EV metals contracts were “definitely something that we are looking at” as the bourse continues to assesses the market, according to Cheong Jin Yu, director of commodities at the SGX, without providing details on any timetable or specific materials.
“We hear requests from investors about that every day,” Cheong said in an interview. “But we also have to consider the role we can play in the context of what battery metals contracts are available in the market, where we sit and what we can bring to the table.”
Green stimulus measures worldwide have been accelerating the adoption of EVs, leading to booming demand for raw materials including lithium, cobalt, copper and nickel. Commodities key to the clean-energy transition also are getting an added boost from the global recovery in industry.

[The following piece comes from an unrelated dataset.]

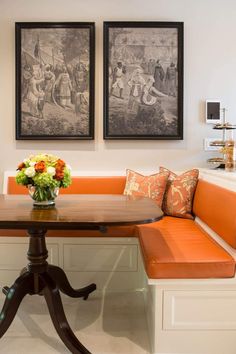 an orange bench sits in the center of a room with two paintings on the wall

Lithium prices have rebounded after a three-year slump and copper has rallied to a record high. The London Metal Exchange has delayed the start date for cash-settled futures for lithium hydroxide to July, while trading volume on cobalt remains among the thinest of contracts on the bourse.

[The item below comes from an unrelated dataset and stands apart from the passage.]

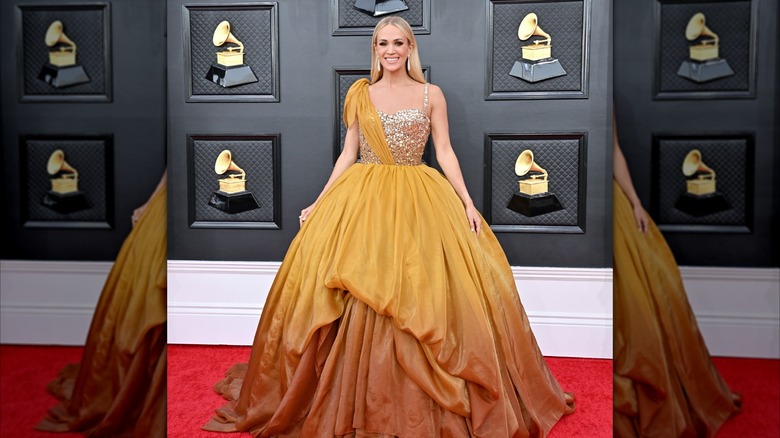 Carrie Underwood cheerfully displays a smile while wearing a burnt orange gown.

“For us, it is not about how fast we can launch the contracts, but how could we introduce contracts that would serve the market well and really make a difference,” said Cheong. “Battery metals is also a very, very diverse complex. It’s not just one metal.”
The Singapore Exchange, which is the world’s biggest clearer of iron ore derivatives, is also planning to launch steel rebar futures, while specific contract details haven’t yet been publicly announced.